[GIVEN RECORDS — start]

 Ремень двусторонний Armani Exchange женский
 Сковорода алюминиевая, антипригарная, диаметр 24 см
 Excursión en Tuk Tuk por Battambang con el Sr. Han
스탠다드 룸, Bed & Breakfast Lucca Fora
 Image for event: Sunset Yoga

[GIVEN RECORDS — finish]
[GIVEN RECORDS — start]

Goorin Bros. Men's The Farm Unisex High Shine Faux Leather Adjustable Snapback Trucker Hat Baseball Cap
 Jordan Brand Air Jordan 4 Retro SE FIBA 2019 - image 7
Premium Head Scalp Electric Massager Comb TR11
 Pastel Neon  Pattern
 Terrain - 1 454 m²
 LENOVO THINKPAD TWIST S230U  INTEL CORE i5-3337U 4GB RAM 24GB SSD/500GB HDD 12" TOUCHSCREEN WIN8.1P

[GIVEN RECORDS — finish]

WHAT TO DO: Only one part of the material above is to be transcribed, namely the lines starting with the line that has "Excursión en Tuk" and going on through the line that has "Image for event: Sunset Yoga", exactly as they stand.

SOLUTION FOR THIS TASK:
 Excursión en Tuk Tuk por Battambang con el Sr. Han
스탠다드 룸, Bed & Breakfast Lucca Fora
 Image for event: Sunset Yoga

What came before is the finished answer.